## Task directions
Your response should contain every line from the data below that holds the string "against".

------ Provided information ------

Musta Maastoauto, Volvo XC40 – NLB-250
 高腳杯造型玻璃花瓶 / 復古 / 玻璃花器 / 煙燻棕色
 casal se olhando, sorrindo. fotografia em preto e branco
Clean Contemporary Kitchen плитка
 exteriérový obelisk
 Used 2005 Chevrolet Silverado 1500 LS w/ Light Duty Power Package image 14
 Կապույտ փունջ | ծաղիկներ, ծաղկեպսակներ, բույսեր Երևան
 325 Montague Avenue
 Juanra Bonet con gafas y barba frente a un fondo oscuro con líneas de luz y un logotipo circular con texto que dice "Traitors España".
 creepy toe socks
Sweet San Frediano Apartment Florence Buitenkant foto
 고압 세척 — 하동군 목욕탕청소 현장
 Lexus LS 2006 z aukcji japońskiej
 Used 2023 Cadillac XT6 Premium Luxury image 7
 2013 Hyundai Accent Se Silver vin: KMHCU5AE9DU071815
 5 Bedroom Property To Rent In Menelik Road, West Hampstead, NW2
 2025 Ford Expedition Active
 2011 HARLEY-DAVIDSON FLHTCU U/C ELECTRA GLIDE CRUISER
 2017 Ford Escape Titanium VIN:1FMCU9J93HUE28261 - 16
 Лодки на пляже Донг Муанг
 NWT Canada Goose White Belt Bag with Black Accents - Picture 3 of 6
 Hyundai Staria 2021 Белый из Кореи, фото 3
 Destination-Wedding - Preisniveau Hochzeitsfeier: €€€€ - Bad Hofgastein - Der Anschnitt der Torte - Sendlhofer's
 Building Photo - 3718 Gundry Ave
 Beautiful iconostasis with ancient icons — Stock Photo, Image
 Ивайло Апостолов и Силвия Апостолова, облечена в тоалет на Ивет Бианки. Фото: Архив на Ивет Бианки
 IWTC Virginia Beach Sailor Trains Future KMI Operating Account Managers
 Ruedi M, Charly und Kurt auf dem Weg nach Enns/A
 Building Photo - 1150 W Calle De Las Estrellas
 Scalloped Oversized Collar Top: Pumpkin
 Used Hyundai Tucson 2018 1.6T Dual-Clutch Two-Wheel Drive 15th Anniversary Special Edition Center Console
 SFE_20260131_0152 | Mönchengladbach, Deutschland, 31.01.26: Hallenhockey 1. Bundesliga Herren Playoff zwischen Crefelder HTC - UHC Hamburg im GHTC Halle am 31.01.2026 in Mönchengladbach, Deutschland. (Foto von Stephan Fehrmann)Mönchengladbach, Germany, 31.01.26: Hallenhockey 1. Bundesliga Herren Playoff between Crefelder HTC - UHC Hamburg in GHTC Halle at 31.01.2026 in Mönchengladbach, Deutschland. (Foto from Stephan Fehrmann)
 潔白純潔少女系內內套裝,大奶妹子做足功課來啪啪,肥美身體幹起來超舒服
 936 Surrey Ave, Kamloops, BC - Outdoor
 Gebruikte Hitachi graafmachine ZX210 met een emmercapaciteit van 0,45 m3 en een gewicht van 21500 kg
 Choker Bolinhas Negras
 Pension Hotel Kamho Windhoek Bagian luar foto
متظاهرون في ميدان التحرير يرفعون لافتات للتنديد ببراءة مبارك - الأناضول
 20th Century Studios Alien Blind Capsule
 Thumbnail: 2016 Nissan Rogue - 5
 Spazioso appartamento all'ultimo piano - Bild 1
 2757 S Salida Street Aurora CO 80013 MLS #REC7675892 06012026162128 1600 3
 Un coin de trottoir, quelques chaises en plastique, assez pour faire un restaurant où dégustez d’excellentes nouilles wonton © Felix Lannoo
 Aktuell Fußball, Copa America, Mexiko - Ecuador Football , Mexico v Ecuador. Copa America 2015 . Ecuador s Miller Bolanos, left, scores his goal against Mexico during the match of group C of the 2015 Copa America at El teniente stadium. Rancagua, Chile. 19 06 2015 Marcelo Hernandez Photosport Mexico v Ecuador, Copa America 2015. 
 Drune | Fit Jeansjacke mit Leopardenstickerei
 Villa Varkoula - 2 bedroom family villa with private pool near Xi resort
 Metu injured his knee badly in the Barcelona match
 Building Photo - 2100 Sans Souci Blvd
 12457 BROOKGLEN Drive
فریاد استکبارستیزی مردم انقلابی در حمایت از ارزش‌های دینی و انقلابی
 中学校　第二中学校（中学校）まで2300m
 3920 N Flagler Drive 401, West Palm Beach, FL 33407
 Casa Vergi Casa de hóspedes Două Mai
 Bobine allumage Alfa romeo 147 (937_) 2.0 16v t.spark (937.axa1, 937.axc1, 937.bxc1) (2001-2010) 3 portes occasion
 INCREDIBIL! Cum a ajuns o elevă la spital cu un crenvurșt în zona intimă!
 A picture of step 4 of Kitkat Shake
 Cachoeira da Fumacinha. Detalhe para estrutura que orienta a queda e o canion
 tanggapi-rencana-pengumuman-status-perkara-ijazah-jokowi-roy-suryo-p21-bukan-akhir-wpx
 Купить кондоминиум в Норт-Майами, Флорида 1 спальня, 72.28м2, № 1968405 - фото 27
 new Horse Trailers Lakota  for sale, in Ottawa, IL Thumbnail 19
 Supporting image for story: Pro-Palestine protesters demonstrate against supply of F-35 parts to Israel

------

## Output of the task
 Aktuell Fußball, Copa America, Mexiko - Ecuador Football , Mexico v Ecuador. Copa America 2015 . Ecuador s Miller Bolanos, left, scores his goal against Mexico during the match of group C of the 2015 Copa America at El teniente stadium. Rancagua, Chile. 19 06 2015 Marcelo Hernandez Photosport Mexico v Ecuador, Copa America 2015. 
 Supporting image for story: Pro-Palestine protesters demonstrate against supply of F-35 parts to Israel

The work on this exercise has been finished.